◆ Problem to work on
Leave the images out. Give every line below again, precisely.

◆ Data below
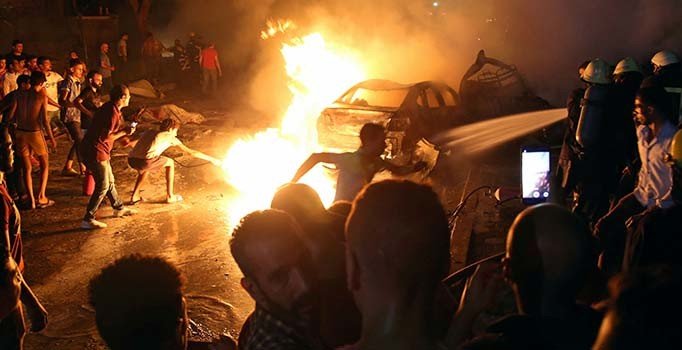 Mısır'da 4 araç yandı: 19 ölü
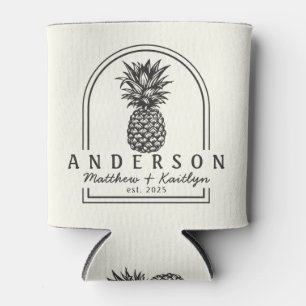 Ivoor en warm zwart ananas bruiloftsboog & naam blikjeskoeler
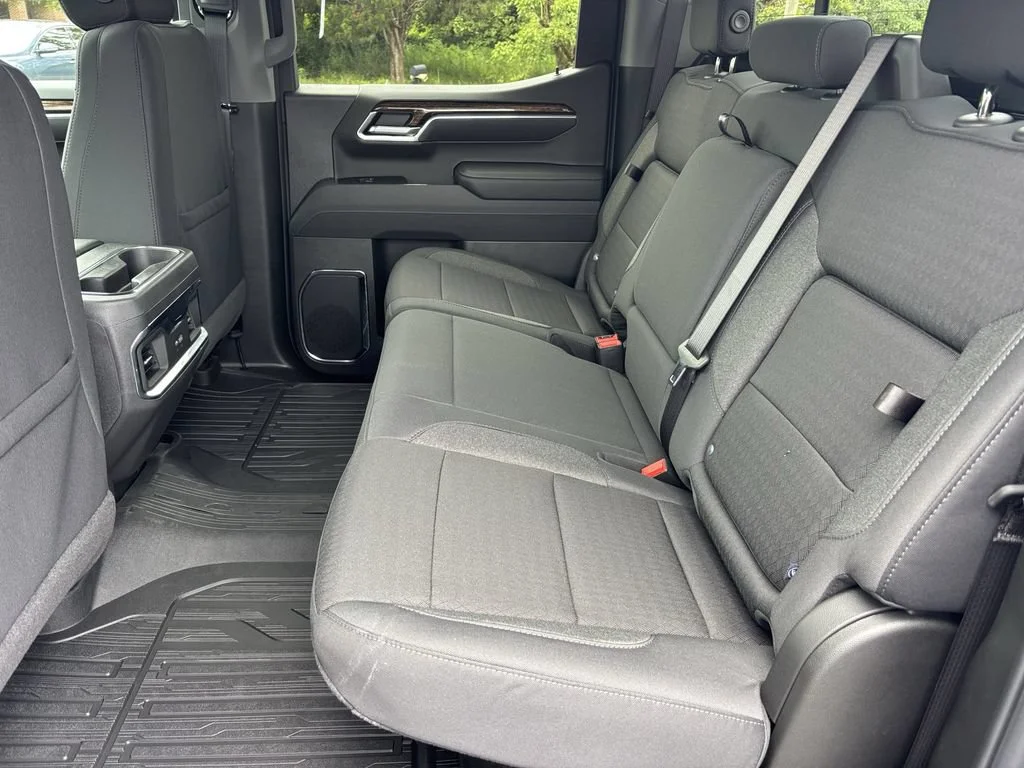 New 2026 Onyx Black GMC Elevation image 15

◆ Exercise result
 Mısır'da 4 araç yandı: 19 ölü
 Ivoor en warm zwart ananas bruiloftsboog & naam blikjeskoeler
 New 2026 Onyx Black GMC Elevation image 15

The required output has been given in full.